Pero nada de eso hubiera sido posible si antes el nombre, nuestro Dios, el Dios de nuestra fe, no hubiese venido a nosotros.
Lo confesamos con palabras de revelación: “La Palabra se hizo carne y acampó entre nosotros”. La Palabra bajó de Dios a nosotros para que nosotros pudiésemos subir con ella a Dios.
Si podemos decir con verdad que Dios es nuestra casa, es porque antes la Palabra de Dios hizo del hombre casa de Dios.
Habrás de habituar los ojos a la luz del misterio en el que has entrado –el de la Santísima Trinidad, el del nombre en el que hemos sido bautizados-, y empezarás a vislumbrar cosas inefables. Ese nombre que es tu casa, en realidad es tu familia: Somos hijos de Dios, y lo somos en el Hijo, en el único, en el Unigénito, y lo somos porque nos anima el único Espíritu divino.

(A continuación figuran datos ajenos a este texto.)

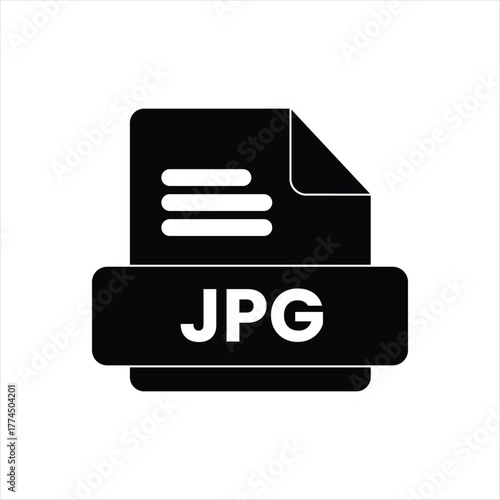 Standard digital document representation featuring the JPG format icon, suitable for various media, illustrating common digital assets, including graphic types like 38.eps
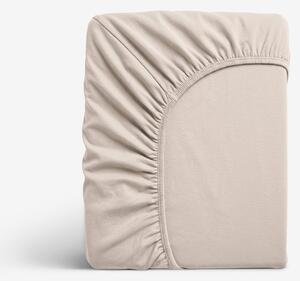 Goldea jersey elastické prostěradlo - latte 90 x 200 cm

Creímos, nos bautizamos, nos hicimos uno con Cristo Jesús, y, con Cristo Jesús, permanecemos en Dios como hijos.
Ahora considera el camino por donde has llegado a esa casa, a esa familia.
Para pudiésemos ir a Dios, ser en Dios, ser Dios, Dios tuvo que venir al hombre, ser en el hombre, ser hombre.
Para que nosotros pudiésemos ganar, él tuvo que perder. Para que pudiésemos subir, él tuvo que bajar.
Y la razón de ese abajamiento, de esa desapropiación, de ese empobrecimiento, no la busques en tus méritos, tampoco en tus necesidades: búscala en el amor. El amor con que él nos amó, a él lo perdió y a nosotros nos encontró, nos abrazó, nos divinizó.
Él se hizo hijo en nuestra casa, para que nosotros fuésemos hijos en Dios.
En el camino que lleva al reino de Dios, no son los excluidos los que intentan atravesar una frontera imposible, una sima inmensa que nadie puede cruzar: es el Rey quien la atraviesa, es el Rey quien allana el camino para que entren en el reino todos los hambrientos de pan y de justicia.
En este fiesta de la unidad de todos en la unidad de Dios, se nos invita a soñar, a construir un mundo, en el que no hay fronteras que impidan a los pobres el encuentro con el pan y la justicia.
Feliz domingo. Feliz encuentro. Feliz comunión con Cristo y con los pobres.